Aksine ekonomik, sosyal, siyasal gelişmişlik verileriyle, hele de hak-hukuk devleti, demokrasinin işleyişi, insan hakları, basın özgürlüğü, yargı bağımsızlığı, devletin güçler ayrılığı ilkeleri ile yönetilmesi zorunluluğu, bağımsız Meclis, yasama işleyişleri.. üzerinden yaşamın hangi alanına bakılırsa bakılsın, gerçekler, üzerinde oyun oynanmamış istatistiksel verilerle, evrensel ölçekteki bilimsel saptamalar, raporlarla ortada olan gerçekler tam tersi çok olumsuz gidişin kanıtları değiller mi? Her gün yüzde doksan beşi güdümlü medya korosu, ağır haberlerdeki sansür yarışında dahi, sayısız ağır anayasal hak hukuk ihlallerini yok saymada başarısız sınav vermekten kurtulamıyorlar.
Büyükada’nın faytonlarında işkence gören atların öyküsünden söz açsak. Saray cephesinden hayvan haklarına duyarlılığın pazarlanması adına düzenlenmiş görüntülü haberlerinden, gerçekten atlara işkence yapmama iradesi mi, yoksa tam tersi icraatlar mı gündemde, öncelikle siz anlayabiliyor musunuz?
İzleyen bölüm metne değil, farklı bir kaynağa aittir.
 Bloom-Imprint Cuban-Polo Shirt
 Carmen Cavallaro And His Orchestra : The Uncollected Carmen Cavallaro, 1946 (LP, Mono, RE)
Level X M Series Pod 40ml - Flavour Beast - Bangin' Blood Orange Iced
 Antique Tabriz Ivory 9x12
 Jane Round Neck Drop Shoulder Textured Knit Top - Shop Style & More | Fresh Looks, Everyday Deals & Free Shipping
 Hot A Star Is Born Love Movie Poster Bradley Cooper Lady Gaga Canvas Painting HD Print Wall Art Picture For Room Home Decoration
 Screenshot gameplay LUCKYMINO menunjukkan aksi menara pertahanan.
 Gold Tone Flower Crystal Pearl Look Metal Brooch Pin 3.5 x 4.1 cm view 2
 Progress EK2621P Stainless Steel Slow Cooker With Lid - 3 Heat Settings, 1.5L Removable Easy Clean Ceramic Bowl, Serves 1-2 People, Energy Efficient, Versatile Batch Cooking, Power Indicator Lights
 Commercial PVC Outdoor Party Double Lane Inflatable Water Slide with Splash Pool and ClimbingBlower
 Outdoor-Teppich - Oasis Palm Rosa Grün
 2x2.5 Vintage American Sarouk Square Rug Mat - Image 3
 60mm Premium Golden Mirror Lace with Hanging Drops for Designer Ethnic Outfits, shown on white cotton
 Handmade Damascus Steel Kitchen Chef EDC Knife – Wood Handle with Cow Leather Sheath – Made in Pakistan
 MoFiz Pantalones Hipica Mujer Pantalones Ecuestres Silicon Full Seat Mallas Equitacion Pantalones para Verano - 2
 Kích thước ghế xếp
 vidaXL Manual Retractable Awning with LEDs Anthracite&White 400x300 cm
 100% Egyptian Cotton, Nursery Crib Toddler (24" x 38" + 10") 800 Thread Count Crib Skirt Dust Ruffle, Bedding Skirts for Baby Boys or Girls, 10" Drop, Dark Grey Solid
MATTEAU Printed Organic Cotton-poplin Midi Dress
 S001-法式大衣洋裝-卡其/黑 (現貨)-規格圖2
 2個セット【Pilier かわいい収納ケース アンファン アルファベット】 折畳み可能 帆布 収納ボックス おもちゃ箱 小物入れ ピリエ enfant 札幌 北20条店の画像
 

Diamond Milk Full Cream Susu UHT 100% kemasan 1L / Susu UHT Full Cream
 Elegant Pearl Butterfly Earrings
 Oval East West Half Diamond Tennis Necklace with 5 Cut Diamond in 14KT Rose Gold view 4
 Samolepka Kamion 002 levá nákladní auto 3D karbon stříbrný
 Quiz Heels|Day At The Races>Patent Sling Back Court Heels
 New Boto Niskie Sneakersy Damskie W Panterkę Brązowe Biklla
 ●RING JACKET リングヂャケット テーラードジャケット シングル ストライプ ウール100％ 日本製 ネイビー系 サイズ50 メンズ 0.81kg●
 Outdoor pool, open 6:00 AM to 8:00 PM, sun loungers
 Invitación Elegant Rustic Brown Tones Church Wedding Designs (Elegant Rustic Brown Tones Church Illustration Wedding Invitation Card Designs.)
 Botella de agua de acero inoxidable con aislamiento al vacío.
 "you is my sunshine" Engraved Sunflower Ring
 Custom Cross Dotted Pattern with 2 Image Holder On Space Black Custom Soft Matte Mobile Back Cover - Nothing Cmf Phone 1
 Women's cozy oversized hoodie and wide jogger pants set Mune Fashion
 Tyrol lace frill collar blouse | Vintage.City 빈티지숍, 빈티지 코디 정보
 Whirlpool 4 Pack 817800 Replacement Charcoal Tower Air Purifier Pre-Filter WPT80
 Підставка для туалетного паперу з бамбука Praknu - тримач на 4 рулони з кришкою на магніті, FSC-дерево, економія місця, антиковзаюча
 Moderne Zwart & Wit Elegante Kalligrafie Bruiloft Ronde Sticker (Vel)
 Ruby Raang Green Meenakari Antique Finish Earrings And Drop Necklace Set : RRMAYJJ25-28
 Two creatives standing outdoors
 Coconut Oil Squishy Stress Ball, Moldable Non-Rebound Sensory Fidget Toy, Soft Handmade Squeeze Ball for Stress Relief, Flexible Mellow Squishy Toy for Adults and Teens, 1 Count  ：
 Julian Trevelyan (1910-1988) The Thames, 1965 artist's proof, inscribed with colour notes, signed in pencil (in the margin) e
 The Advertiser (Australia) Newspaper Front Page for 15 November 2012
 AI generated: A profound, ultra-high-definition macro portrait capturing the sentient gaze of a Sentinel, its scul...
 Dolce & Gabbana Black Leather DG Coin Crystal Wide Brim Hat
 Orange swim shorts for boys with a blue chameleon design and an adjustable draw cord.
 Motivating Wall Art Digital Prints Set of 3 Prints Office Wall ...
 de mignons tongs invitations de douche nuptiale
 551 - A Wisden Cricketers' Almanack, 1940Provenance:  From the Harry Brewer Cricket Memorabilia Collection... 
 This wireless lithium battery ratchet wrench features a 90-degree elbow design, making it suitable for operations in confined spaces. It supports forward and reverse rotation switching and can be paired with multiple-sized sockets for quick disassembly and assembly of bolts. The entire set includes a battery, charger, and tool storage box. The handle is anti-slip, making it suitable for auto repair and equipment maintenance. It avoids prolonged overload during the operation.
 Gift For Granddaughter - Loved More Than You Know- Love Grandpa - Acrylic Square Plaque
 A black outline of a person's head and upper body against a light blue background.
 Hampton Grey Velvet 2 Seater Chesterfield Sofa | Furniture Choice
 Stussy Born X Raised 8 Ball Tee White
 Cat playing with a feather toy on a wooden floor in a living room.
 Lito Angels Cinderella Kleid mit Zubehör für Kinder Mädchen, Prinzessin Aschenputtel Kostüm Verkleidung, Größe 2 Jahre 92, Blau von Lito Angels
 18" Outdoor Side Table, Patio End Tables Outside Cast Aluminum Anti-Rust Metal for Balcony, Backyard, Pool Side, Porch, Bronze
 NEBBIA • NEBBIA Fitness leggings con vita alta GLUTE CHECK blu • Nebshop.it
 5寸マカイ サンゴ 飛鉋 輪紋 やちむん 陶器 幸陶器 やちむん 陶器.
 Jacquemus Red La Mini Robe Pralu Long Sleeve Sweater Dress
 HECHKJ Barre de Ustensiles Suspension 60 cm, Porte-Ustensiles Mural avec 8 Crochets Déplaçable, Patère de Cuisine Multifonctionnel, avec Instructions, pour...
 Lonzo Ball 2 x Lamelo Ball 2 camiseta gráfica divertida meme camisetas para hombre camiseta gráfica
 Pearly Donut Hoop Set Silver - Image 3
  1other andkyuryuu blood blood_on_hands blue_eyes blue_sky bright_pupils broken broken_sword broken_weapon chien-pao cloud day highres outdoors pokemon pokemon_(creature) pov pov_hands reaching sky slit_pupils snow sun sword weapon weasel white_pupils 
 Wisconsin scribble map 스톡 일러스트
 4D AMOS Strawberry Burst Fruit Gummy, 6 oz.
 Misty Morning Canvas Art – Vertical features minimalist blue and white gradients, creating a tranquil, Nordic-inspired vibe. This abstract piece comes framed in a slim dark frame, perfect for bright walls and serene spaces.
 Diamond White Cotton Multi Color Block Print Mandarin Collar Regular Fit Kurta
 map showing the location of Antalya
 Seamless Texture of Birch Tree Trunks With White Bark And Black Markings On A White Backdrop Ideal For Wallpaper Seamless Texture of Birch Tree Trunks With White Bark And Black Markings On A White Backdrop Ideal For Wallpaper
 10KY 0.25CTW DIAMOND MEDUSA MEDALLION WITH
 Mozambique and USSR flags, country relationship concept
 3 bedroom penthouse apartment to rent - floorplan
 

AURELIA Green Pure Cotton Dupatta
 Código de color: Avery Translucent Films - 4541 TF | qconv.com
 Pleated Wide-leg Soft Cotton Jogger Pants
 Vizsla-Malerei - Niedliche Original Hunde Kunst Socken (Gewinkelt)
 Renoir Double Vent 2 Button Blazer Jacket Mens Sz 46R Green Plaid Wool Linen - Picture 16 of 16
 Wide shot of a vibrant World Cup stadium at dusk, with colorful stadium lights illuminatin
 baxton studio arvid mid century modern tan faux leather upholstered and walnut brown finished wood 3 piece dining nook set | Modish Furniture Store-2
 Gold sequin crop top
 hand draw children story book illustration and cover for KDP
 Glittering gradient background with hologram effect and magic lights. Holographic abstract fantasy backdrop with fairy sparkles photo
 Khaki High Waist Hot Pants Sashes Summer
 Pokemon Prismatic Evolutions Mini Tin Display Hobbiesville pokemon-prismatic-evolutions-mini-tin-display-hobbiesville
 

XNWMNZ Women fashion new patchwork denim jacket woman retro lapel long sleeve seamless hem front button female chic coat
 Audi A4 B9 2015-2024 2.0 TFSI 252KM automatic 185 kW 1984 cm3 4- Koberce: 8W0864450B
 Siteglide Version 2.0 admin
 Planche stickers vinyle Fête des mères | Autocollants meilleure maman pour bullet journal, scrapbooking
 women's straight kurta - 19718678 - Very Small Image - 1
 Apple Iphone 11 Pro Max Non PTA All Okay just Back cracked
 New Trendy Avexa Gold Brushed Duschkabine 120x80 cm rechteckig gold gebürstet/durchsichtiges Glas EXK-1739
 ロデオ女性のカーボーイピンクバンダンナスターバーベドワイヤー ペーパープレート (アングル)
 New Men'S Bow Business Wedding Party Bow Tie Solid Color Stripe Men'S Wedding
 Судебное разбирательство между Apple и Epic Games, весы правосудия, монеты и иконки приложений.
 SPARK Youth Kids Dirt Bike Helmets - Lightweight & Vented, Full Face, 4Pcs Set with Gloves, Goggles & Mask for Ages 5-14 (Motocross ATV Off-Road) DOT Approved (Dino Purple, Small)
Gencecik güzelim canlı yayın habercisi, çarpıcı görüntüler üzerinden dramın bir o yanını, bir bu yanını, kafa karıştıran çelişkileri içinde sunup dumakta.
Sahi siz halk çoğunluğu için yaşamsal önemde, İstanbul’daki ekmek zammın arapsaçı olmuş daha da çelişkili haberlerinin saatler süren yayınlarından bıkmadınız mı? Rusya’nın önerdiği et satmanın karşılığı, tavuk alma da zorunlu olacaksa, bizim çok övünülerek reklamı yapılan, tarımın kurtarıcılığı rolü verlimiş Pakdemirli oğul kardeşimiz, hayvancılığımızı nasıl ayakta tutacaklar?
Suriye barışı için, yapılacak Astana anlaşması çerçevesinde barış görüşmesinin bugün Soçi’de olacağını öğrendik. Haberlerin satır arasından Türkiye’nin PKK-PYD.. terör odaklı kendine dönük bölgeden tüm tehditler üzerinden tezlerinde kararlı, ısrarlı olacağını öğrendik. Ancak Amerika başta bölgedeki etkin tüm tarafların son dakika uzlaşmaları, buluşmaları üzerinden ayrıntılar yok gibiydi. 24 Temmuz tarihli, IŞİD’in Türkiye kolunun başkanı olduğu bildirilen Mehmet Göktaş’ın “Hizbullah” adlı yayın organlarından yaptığı açıklamada, Türkiye’ye dönük “Akıllı olun, dolara da, cemaatlere de müdahale etmeyin” tehdidinin bir anlamı olabilir mi? Geçen hafta içinde Nusra ile hareket eden IŞİD bağlantılı beyaz miğferlilerin Esad güçlerince bombalandıkları, ancak Ürdün sınırından geçişlerine de izin verilmediği haberi vardı. Amerika’da 24-26 Temmuz tarihli Washington toplantısında, 80 ülkeden 160 üzerinde devlet yetkilisi ile tarikat liderinin ortak buluşmalarından hangi kararlar çıktı?.. Vahdet, ümmetin, dindar-kindar gençliğin patentleri; hakiki, en hakiki, öz hakiki.. ırkçı, inanç kimliklerinin ipleri hangi ellerde?